Thursday, August 07, 2008

Mexico challenges U.S. in obesity

It is hard to ignore all the publicity that Mexico´s problem with obesity is attracting. There are the solemn editorials, the ads promoting various products and the pronouncements by politicians (it´s a safe topic if you frame it as concern about public health).

(In this cartoon the headline says Mexico is a leader in obesity, and the character is saying this isn´t the best way to get status as a big country.)

Various studies show the U.S. as the world leader in the percentage of obese people, followed by Mexico and the U.K. See chart.

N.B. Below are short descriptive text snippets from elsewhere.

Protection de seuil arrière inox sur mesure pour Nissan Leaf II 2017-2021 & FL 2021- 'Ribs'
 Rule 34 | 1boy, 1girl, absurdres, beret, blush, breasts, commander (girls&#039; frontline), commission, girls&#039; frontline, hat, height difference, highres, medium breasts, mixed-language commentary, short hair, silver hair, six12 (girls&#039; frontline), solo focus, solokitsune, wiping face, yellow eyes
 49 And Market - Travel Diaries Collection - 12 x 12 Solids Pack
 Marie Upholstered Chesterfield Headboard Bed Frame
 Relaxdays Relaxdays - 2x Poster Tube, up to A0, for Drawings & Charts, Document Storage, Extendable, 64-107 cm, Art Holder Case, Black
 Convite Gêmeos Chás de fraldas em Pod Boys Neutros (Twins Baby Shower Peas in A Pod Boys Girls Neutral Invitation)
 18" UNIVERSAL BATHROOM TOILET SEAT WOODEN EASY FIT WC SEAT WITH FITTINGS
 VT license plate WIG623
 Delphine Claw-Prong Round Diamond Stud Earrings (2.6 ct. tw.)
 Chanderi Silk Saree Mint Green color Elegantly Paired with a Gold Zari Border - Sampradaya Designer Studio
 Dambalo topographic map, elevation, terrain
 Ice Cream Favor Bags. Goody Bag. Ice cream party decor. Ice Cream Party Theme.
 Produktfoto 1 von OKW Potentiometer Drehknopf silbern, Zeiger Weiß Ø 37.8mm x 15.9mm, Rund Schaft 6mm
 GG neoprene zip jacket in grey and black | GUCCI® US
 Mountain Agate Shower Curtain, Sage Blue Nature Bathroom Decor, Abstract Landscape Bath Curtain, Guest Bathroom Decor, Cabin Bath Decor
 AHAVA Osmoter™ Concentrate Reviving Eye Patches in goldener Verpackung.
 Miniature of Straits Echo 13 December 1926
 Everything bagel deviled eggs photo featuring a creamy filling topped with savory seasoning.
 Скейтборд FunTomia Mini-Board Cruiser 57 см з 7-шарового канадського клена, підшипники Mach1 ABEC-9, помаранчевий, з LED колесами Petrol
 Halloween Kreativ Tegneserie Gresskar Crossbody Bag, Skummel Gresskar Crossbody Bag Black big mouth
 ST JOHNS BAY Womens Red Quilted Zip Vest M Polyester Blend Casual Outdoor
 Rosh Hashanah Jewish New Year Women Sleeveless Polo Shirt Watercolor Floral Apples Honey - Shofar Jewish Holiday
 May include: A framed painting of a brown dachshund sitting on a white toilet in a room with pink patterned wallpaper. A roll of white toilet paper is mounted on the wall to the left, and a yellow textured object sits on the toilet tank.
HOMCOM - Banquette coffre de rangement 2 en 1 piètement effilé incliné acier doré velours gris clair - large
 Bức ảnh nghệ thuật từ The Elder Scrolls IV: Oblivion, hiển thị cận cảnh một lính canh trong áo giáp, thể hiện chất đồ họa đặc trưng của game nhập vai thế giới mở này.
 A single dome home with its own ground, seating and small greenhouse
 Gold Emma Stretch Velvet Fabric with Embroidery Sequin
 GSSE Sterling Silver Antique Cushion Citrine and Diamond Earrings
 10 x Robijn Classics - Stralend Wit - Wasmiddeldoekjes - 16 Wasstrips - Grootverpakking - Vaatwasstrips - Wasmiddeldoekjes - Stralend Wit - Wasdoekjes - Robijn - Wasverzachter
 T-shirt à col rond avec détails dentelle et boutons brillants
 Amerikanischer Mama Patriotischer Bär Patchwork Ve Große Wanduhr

The business magazine Expansion recently ran a cover story that detailed what various food producers are doing in Mexico to respond to all the publicity. Some of them have been singled out as part of the problem. And which companies are they? Coca-Cola, Pepsi, Kraft, Kellogg, and Bimbo, an international baked goods company. Their eat-healthy campaigns might be good for the image but not for the bottom line. Some of the healthy products don´t sell.

Here´s an article in English that will tell you what the Mexican papers are saying: more than 71 percent of Mexican women and 66 percent of Mexican men are overweight.



While I was in England, the British press took every opportunity to make jokes and cartoons about obese Americans. They also liked to point out the problems that Mexico was having. Occasionally they poked fun at themselves, as in this cartoon about a plan to have schools notify parents that their child might have a weight problem.